By DEON THOMAS
I’m writing about race again. I cannot help it; it’s simply my dirty little obsession. I wish I could stop but I have become quite involved in my commitment to battle ignorance tooth and nail until it has been vanquished. It is an increasingly difficult battle to fight, especially when those that seem to be fighting alongside me are hurting the cause as much as they are helping it.
This column has been encouraged and inspired by a chain of events, which began with a man with whom I vehemently disagree. This man is Daniel Snyder, who made headlines once again, not for his stellar leadership but with his fight for bigot. Snyder has recently been combating those who have decried the name of the Washington Redskins, the NFL team that he owns. The word “redskin” in my opinion is undeniably offensive. The Redskins organization has attempted to survey the surrounding population as well as Native Americans on whether or not “redskin” is an offensive word. To nobody’s surprise they have somehow came to the conclusion that the majority of people do not find the word provocative. I’d also like to see the survey the Ku Klux Klan did on whether or not the N-word is offensive.
Nonetheless, we are well into the twenty-first century and this multi-million dollar business and broadcasted sports team still carries the name of a racial epithet. It is a fact that since 1898 dictionaries have defined the word redskin as contemptuous. To have it as a team name; that is unacceptable! We should be outraged as a nation because this is an irrefutable threat to the respect our society is willing to pay not only to Native Americans, but also to every other minority group.

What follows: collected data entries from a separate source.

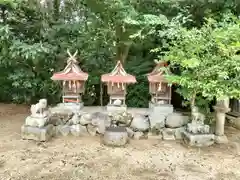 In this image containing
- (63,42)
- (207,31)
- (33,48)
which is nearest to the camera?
(207,31)

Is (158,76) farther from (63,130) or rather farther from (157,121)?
(63,130)

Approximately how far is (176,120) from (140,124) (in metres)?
0.76

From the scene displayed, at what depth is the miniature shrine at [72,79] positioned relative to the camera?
18.6 feet

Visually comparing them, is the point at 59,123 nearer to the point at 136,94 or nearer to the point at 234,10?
the point at 136,94

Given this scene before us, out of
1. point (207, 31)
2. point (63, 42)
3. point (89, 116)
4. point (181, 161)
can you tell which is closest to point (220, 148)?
point (181, 161)

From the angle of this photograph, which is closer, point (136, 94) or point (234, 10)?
point (234, 10)

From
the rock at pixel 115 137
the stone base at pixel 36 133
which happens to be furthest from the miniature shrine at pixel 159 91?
the stone base at pixel 36 133

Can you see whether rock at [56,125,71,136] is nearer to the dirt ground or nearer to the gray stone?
the dirt ground

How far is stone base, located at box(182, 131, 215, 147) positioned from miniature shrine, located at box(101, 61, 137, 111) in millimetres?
1493

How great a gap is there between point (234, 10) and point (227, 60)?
175 centimetres

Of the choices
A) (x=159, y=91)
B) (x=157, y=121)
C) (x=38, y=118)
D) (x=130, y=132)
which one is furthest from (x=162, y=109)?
(x=38, y=118)

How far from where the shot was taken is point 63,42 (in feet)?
23.1

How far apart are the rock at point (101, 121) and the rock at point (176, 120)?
1.26 m

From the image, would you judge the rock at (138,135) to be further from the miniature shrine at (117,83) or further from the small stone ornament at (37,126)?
the small stone ornament at (37,126) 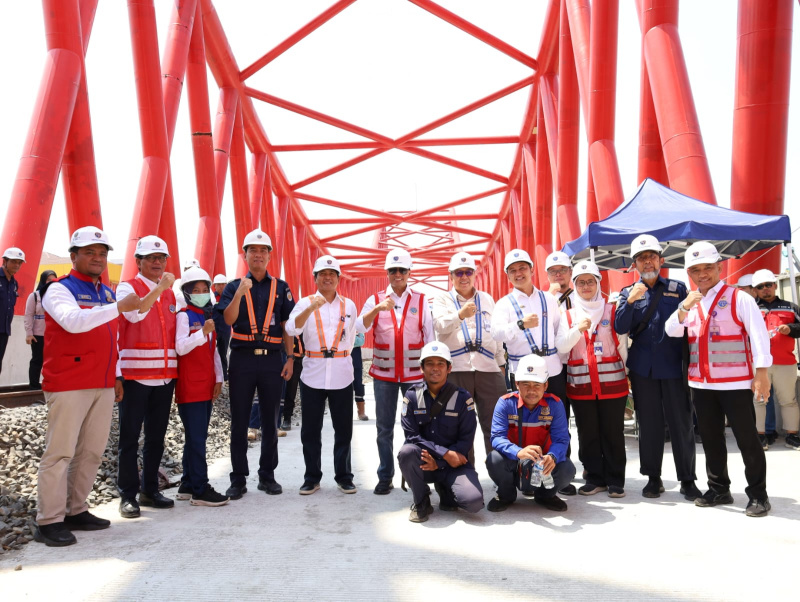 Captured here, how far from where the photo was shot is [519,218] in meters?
24.2

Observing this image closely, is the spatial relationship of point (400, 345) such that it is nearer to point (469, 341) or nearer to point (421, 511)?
point (469, 341)

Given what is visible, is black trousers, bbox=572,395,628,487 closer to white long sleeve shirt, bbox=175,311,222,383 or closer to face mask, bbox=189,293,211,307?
white long sleeve shirt, bbox=175,311,222,383

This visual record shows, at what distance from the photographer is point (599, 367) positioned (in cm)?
457

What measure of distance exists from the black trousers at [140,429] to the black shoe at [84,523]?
1.14 feet

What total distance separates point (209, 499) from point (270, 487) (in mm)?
560

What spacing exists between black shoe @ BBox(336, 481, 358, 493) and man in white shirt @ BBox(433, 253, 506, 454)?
121 cm

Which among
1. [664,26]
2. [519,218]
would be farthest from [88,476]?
[519,218]

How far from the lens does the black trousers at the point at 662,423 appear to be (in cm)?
433

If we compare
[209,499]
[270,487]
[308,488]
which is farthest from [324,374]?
[209,499]

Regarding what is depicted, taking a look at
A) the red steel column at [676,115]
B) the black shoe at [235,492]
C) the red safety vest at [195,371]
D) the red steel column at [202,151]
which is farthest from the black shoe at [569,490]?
the red steel column at [202,151]

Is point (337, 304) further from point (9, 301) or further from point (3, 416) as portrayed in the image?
point (9, 301)

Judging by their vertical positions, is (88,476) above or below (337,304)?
below

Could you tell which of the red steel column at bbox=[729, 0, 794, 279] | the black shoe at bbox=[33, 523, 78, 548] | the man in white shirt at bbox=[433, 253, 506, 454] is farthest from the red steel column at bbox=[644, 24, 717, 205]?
the black shoe at bbox=[33, 523, 78, 548]

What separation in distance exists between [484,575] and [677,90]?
25.0 ft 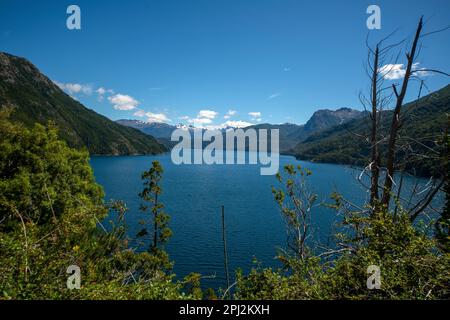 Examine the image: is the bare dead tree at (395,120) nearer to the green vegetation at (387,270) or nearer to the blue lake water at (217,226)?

The latest news of Daniel Snyder’s racist quest is quite ridiculous in nature. He has announced the creation of a foundation entitled the “Washington Redskins Original Americans Foundation.” As Slate.com writer Josh Levin pointed out, “This is perhaps the most uncharitable name ever conceived for a charitable group, something akin to calling your organization ‘Kikes United Against Anti-Semitism.’” Surprisingly enough the word redskin is not the “R” word that I am referencing in the title of this column. There is another “R” word that is being used far too often. This word came into play with The Colbert Report’s debut with this situation.

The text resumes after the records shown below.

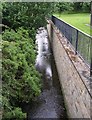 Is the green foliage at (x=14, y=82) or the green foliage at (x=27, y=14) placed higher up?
the green foliage at (x=27, y=14)

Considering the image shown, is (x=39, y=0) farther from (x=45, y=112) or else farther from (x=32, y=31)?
(x=45, y=112)

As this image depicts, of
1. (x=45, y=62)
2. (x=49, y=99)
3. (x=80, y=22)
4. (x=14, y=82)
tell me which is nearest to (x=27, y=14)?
(x=45, y=62)

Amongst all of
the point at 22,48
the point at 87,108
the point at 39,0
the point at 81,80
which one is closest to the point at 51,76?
the point at 22,48

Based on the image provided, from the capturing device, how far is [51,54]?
20.7m

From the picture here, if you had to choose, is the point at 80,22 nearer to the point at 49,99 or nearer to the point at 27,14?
the point at 27,14

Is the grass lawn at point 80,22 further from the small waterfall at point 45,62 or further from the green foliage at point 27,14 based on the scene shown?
the small waterfall at point 45,62

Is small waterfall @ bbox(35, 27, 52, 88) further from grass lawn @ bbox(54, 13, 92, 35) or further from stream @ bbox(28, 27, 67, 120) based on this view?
grass lawn @ bbox(54, 13, 92, 35)

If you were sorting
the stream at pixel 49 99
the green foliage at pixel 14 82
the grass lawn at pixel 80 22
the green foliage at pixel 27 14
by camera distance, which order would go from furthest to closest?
the grass lawn at pixel 80 22, the green foliage at pixel 27 14, the stream at pixel 49 99, the green foliage at pixel 14 82

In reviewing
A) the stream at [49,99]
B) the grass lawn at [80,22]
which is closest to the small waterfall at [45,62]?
the stream at [49,99]

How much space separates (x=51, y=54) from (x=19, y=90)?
37.6 ft

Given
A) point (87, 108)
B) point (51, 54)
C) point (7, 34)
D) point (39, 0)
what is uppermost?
point (39, 0)

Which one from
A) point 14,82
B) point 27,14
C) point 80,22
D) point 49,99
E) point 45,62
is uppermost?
point 27,14

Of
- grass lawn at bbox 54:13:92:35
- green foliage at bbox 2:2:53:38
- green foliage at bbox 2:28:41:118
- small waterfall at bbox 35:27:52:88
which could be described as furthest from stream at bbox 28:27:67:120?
grass lawn at bbox 54:13:92:35

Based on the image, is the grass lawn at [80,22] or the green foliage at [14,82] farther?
the grass lawn at [80,22] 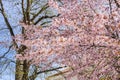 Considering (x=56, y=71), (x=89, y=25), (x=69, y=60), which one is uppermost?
(x=89, y=25)

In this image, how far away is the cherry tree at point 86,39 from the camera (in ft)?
21.5

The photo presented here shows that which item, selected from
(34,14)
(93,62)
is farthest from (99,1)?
(34,14)

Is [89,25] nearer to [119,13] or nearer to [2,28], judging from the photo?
[119,13]

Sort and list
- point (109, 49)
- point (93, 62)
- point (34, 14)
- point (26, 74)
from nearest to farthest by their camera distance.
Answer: point (109, 49), point (93, 62), point (26, 74), point (34, 14)

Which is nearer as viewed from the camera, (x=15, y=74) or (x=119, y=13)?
(x=119, y=13)

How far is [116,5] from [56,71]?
9.93 metres

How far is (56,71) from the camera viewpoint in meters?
16.6

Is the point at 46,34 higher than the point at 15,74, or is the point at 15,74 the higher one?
the point at 46,34

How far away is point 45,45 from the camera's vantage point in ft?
21.9

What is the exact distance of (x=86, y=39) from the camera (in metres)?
6.59

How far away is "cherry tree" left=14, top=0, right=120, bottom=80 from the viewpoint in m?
6.56

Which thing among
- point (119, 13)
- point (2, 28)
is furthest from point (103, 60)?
point (2, 28)

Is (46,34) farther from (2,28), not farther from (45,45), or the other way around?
(2,28)

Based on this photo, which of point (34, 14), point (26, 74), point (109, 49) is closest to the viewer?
point (109, 49) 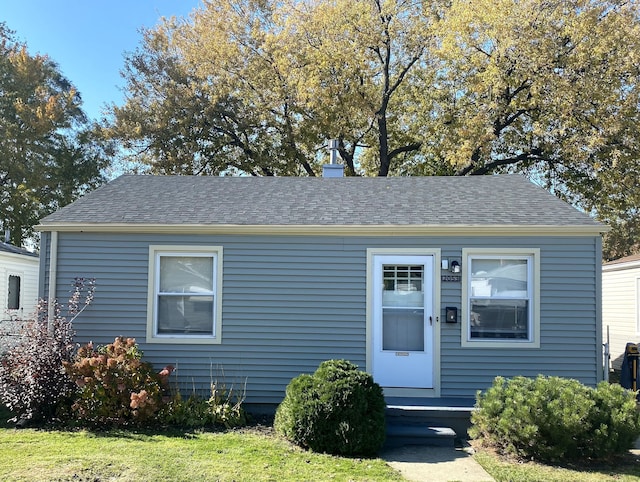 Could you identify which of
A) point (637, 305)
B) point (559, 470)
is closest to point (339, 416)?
point (559, 470)

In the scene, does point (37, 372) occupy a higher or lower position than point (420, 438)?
higher

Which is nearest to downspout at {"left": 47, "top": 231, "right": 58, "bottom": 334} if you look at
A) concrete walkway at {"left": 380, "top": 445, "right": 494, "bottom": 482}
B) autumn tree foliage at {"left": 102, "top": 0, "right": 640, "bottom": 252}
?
concrete walkway at {"left": 380, "top": 445, "right": 494, "bottom": 482}

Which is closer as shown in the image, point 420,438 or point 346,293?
point 420,438

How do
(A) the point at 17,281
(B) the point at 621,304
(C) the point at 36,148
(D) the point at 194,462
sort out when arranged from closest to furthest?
(D) the point at 194,462 → (B) the point at 621,304 → (A) the point at 17,281 → (C) the point at 36,148

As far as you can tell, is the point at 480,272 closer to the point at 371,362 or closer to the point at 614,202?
the point at 371,362

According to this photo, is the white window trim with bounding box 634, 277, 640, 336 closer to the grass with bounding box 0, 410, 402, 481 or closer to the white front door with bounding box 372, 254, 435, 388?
the white front door with bounding box 372, 254, 435, 388

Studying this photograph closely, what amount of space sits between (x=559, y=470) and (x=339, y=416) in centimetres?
234

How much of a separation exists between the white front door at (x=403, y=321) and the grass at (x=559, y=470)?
187cm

Situation: An employee of The Colbert Report decided to tweet a joke about Daniel Snyder’s foundation that was made on the show that day. Problem: He didn’t reference what was being parodied or the fact that it was a continuation of the show. The tweet read: “I am willing to show the Asian community I care by introducing the Ching-Chong, Ding-Dong Foundation for Sensitivity to Orientals or Whatever.” This joke in no way differs from the racial pokes that comedians make in nearly all of their material. However, without the necessary context the joke can obviously be seen as incendiary. After spotting the tweet, 23-year-old Asian-American activist, Suey Park, instantly began a Twitter hashtag campaign attempting to get #CancelColbert trending worldwide. This campaign was extremely successful and was immediately picked up by every major news outlet. Colbert was quickly and, in my opinion, unfairly ostracized as the popularity of the campaign soared.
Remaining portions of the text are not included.